What just happened? For all the advancements that AI has made in the past six months or so, we're yet to really see its full potential used in games. But at Computex 2023, Nvidia boss Jensen Huang gave us a glimpse at what could be the future of gaming.
Jensen unveiled Nvidia Avatar Cloud Engine (ACE) for Games during his Computex keynote speech, a custom AI service that Nvidia says brings intelligence to non-playable characters through AI-powered natural language interactions.
Huang said that ACE for Games enables audio-to-facial-expression, text-to-speech, and natural language conversations. Referring to the latter, the CEO said it was "basically a large language model."
ACE for Games allows an NPC to listen to a player's conversation, which they can input using their own voice, and generate a response – no canned lines that keep getting repeated. The system can also animate a character's face so it matches the generated words they are speaking.
Huang demonstrated the technology in action via a real-time Unreal Engine 5-powered demo, designed by Convai, called Kairos. The very Cyberpunk 2077-like clip shows a player walking into a ramen shop and speaking to NPC Jin. The player is heard asking questions with his voice and receiving answers that are within the context of the story and character.

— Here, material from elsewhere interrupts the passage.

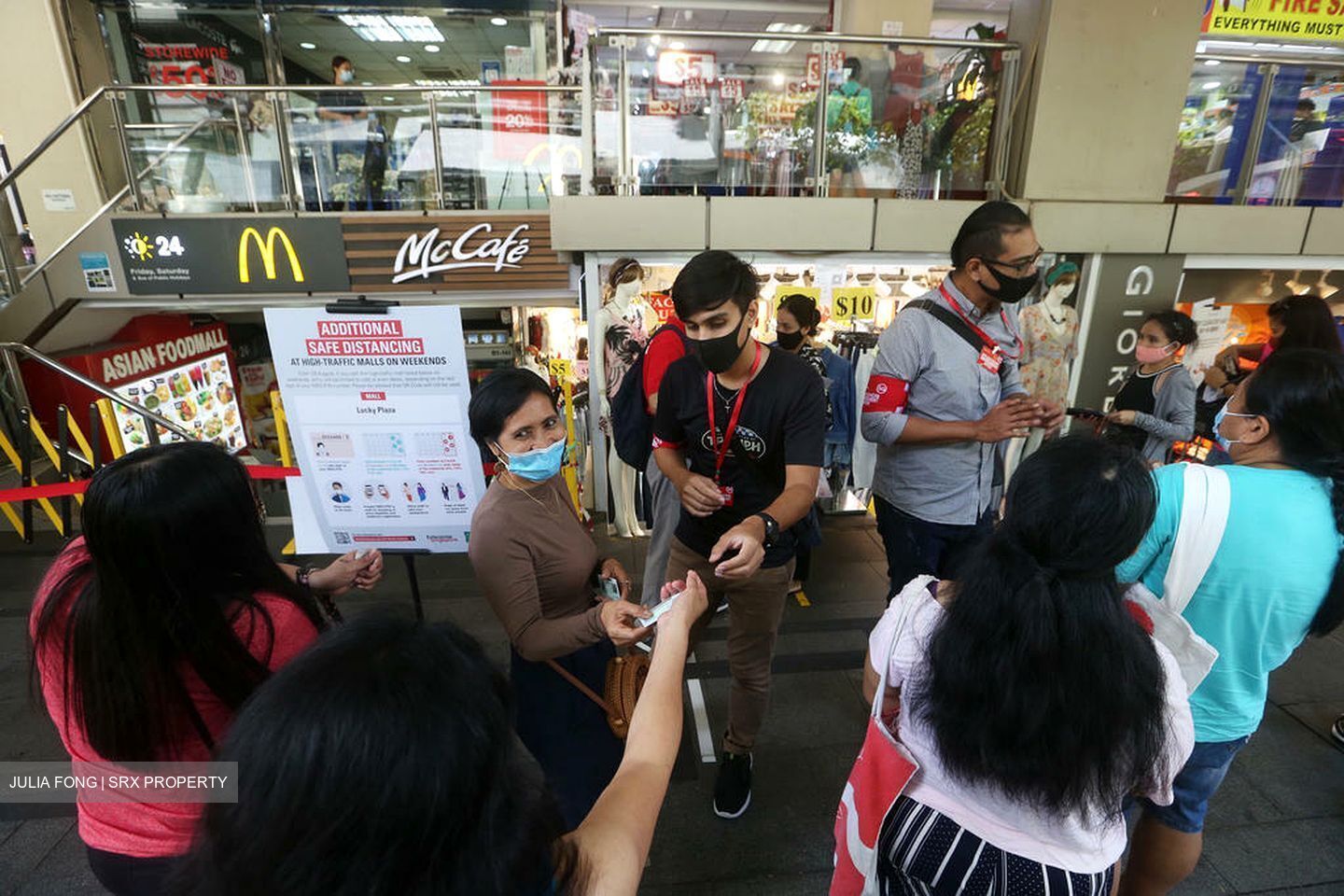 Lucky Plaza (D9), Shop House #455382181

The dialogue is pretty dry and stiff, but it's still impressive technology. It's easy to imagine what ACE for Games will be like once it's been refined a bit more.

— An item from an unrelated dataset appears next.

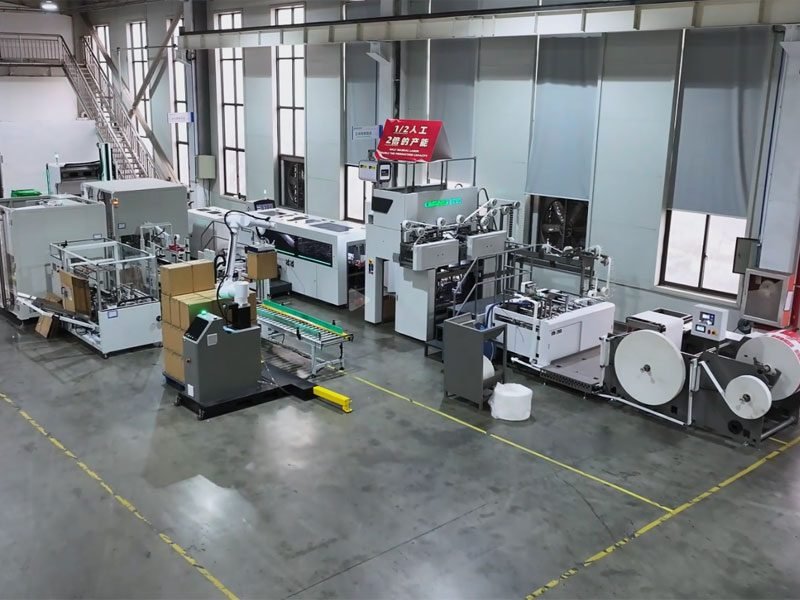 OYANG Machinery Tech17 260S AIA Intelligent Automation Paper Bag Production Shopping Paper Bag Making Machine detail 2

You can see another example of Convai's work in the video below.
Nvidia explained that ACE for Games builds on Nvidia Omniverse and offers access to three components. First is Nvidia NeMo, which is used for building, customizing and deploying language models. It has a feature called NeMo Guardrails that can protect against users having "unsafe" conversations, something that will likely be needed when it's applied to video games.
Another component is Nvidia Riva, used for automatic speech recognition and text-to-speech so players can have live conversations via a microphone.

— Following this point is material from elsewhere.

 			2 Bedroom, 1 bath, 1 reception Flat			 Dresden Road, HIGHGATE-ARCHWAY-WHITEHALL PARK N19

The final element is Nvidia Omniverse Audio2Face. This component is what allows the characters' facial animations to match the words they're speaking. The technology is already being used in upcoming games STALKER 2: Heart of Chernobyl and Fort Solis.
"The neural networks enabling Nvidia ACE for Games are optimized for different capabilities, with various size, performance, and quality trade-offs. The ACE for Games foundry service will help developers fine-tune models for their games, then deploy via Nvidia DGX Cloud, GeForce RTX PCs or on premises for real-time inferencing," Nvidia says. "The models are optimized for latency – a critical requirement for immersive, responsive interactions in games."
Huang didn't say what the requirements were to use ACE for Games, but they're likely to be pretty hefty in its current form.
There's still a lot of room for improvement in the tech, but ACE for Games could be the first step toward a future where players can ask NPCs any question they like, as long as it's related to the game, and receive the sort of answer they were seeking, not a canned response. The idea of AI-controlled teammates who are human-like in their dialogue and the way they follow spoken commands is also an interesting one.